Search code examples
javaexcelapache-poisaxxssf

Implement memory efficient XLSX reader in JAVA using poi with XSSF and SAX but didn't know how to get formula?


I am trying to implement .xlsx a reader using POI in java in that my main concern is the memory so I implemented it using XSSF and SAX here is the reference for code which I use Event API (XSSF with SAX) but the formula is one of the main things with a cell property that I want to read, for example, I want to read cell name(C12), cell value, cell formula, etc. but I am struggling with formula have no clue how to get without using the workbook. Because if I use the workbook there is an issue with memory.

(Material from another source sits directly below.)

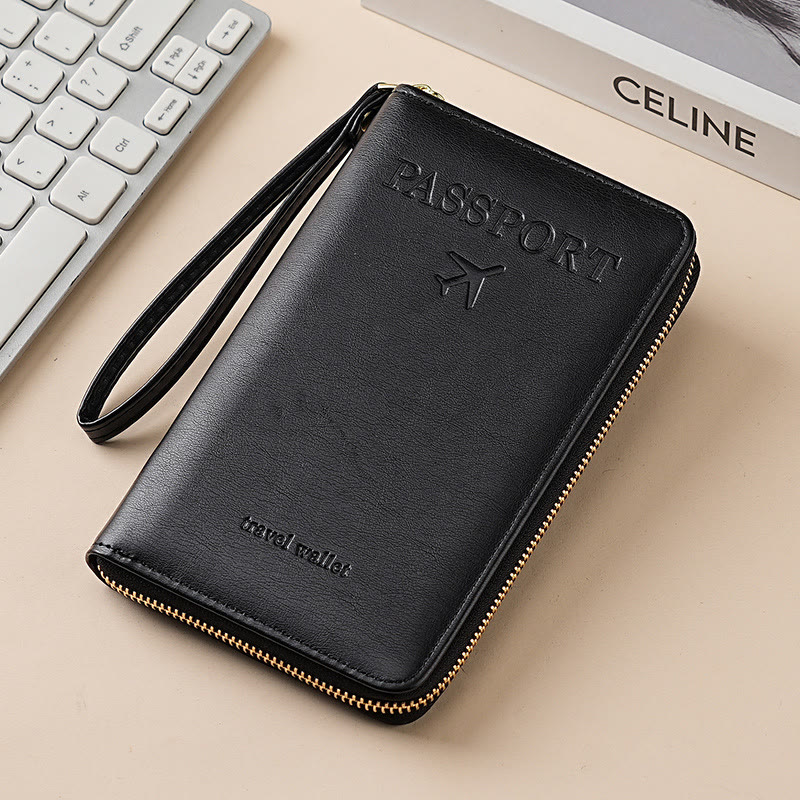 Simple Plain Passport Cases, Multi-functional Zipper Travel Card Holder, RFID Blocking Card Holder - Black - image 12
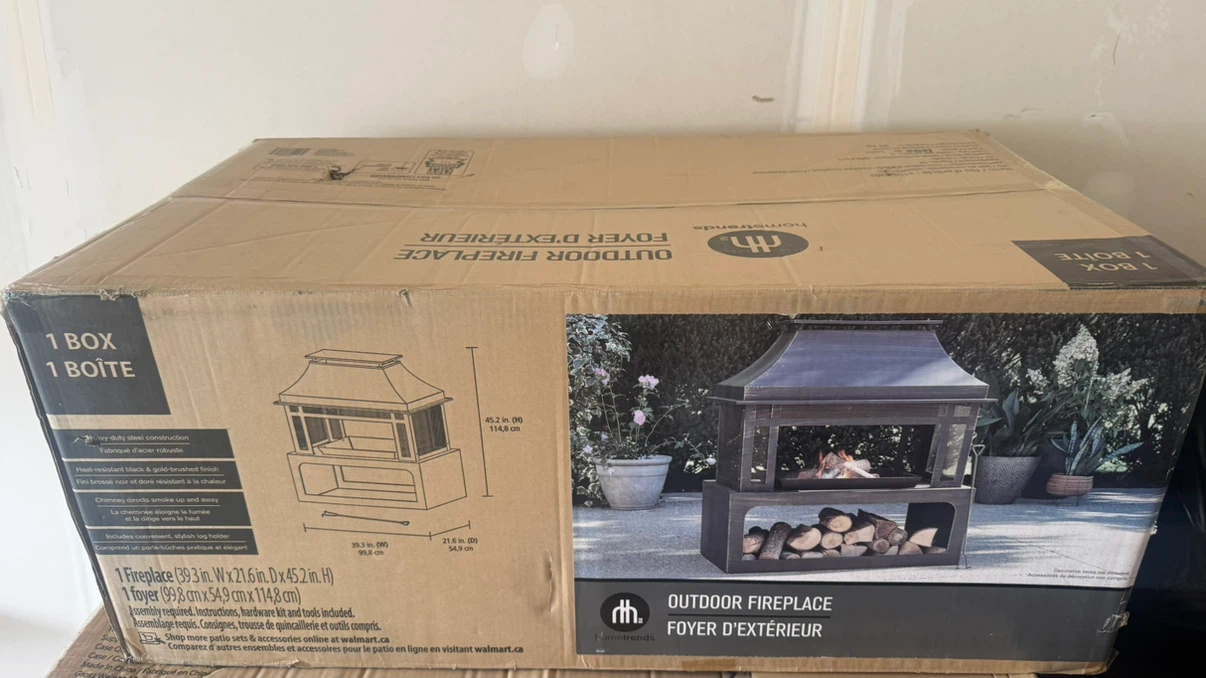Brand new outdoor fireplace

Can anybody help me out with a problem?


Solution

  • As told in XSSF and SAX (Event API):

    ... you can get at the underlying XML data, and process it yourself. This is intended for intermediate developers who are willing to learn a little bit of low level structure of .xlsx files, and who are happy processing XML in java. Its relatively simple to use, but requires a basic understanding of the file structure.

    So at first you needs to know how a *.xlsx file is structured and what the XML in it's parts means. Also you needs to know how XML parsing using SAX works. For example what it means that a ContentHandler has methods startElement, endElement and characters. Also you needs to know when they get called and what the given parameters mean.

    If all this is clear, then you could begin to program. The ExampleEventUserModel example in XSSF and SAX (Event API) has very basic functionality to understand the basics. It only gets string contents from shared strings table and all other contents exactly as they are stored in v elements. Your linked DZone example is even more simplyfied. It only gets string contents from shared strings table.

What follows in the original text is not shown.